▶ **TASK GOAL**
In the listing beneath this line, copy exactly the lines starting with the one containing "Revente - Maison" and going on through the one containing "Annemieke Wissink Ernst Bergboer".

▶ **SUPPLIED MATERIAL**
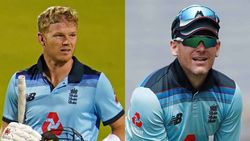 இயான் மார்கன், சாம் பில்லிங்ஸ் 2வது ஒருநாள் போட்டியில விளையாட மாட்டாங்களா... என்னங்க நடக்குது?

==

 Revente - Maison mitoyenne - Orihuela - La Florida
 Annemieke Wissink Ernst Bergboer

▶ **SOLUTION FOR THIS EXERCISE**
 Revente - Maison mitoyenne - Orihuela - La Florida
 Annemieke Wissink Ernst Bergboer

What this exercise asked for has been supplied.